2

My application requires that I store the value in a 16 bit counter but due to pcb issues it requires that the lower 8 bits of the counter be reversed (01001110 to 01110010). The code is being written in C (GCC) and the counter register is "int" type (16 bits). My application is using an Atmel ATtiny 8 bit MCU. I understand that if I declare the counter register to be an "int" type the compiler will allocate 2 RAM locations. Do I just extract the lower byte with a mask, then rearrange the bits and then paste them back in with something like;

counter = counter & 0x00       clear lower byte value
counter = counter + (register with the reversed 8 bits)   

// Then, Replace lower byte value with new value

Should this work? Thanks

Michael Dorgan
  • 12,453
  • 3
  • 31
  • 61
  • That's how I would do it. If your processor has a reverse bits operation, that is probably the fastest way to do that, otherwise, the reverse operation is not too bad. There are multiple examples on SO on how to do that. – Michael Dorgan Apr 30 '19 at 17:52
  • 1
    FYI, your bitwise and statement will clear all the bits. It should be something like `counter &= 0xFF00` if it is a 16-bit value. – Michael Dorgan Apr 30 '19 at 17:54
  • 1
    and with 0xFF00. plus works but being so much bit related an OR feels better. plus is not wrong... – old_timer Apr 30 '19 at 18:44
  • Don't rely on any particular size of `int` - or use a signed type, use a `uint16_t`. – Clifford Apr 30 '19 at 22:04
  • Don't post "thank you" answers (or even comments) on SO is a Q&A not a discussion forum. You show appreciation on SO by accepting and/or up-voting answers. – Clifford May 01 '19 at 23:03

4 Answers4

6

Your word description of the process is correct, but your pseudo-code illustration inaccurate and incomplete.
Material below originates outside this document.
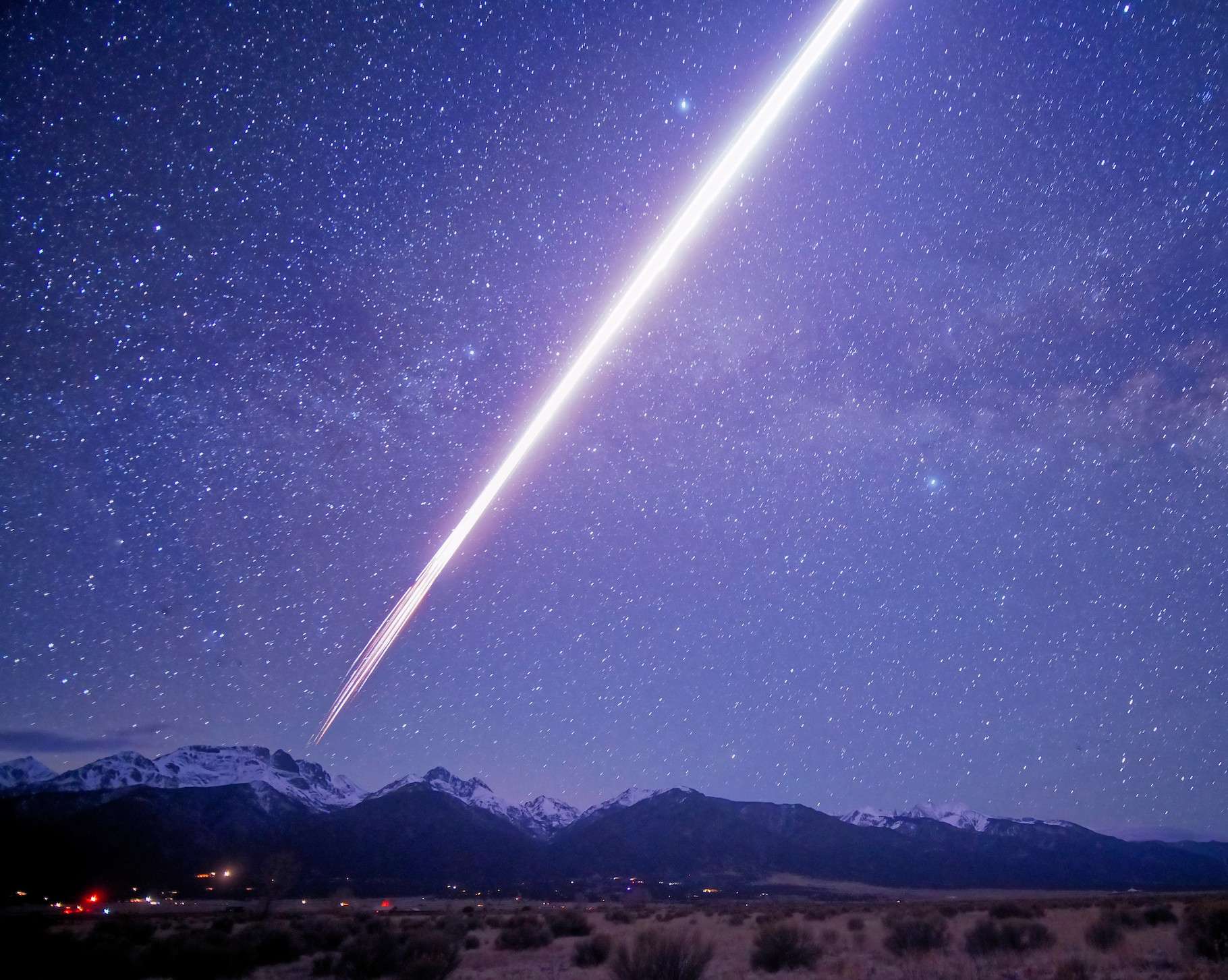 Ces météores « plus brillants que Vénus » observés le 27 avril n’étaient pas d’origine naturelle ! Ces météores « plus brillants que Vénus » observés le 27 avril n’étaient pas d’origine naturelle !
You need to copy the LSB of counter before you clear it; otherwise you'll have lost the bits you need to reverse. You need to clear the LSB correctly, and you can reverse the LSB bits directly back into the counter LSB as follows:

// Copy counter LSB
uint8_t lsb = (uint8_t)(counter & 0xFFu) ;

// Clear counter LSB
counter &= 0xff00u ;

// Reverse LSB bits and mask into counter LSB
for( uint8_t mask = 0x80u;  
     mask != 0; 
     lsb >>= 1, mask >>= 1 )
{
    counter |= ((lsb & 0x01u) != 0) ? mask : 0 ;
}

You should also use the stdint.h types uint16_t and uint8_t for this operation rather than relying on int being any particular size - it will make the code more portable and testable on a system where int is not 16 bits. And generally you should use unsigned types when performing bit-wise operations.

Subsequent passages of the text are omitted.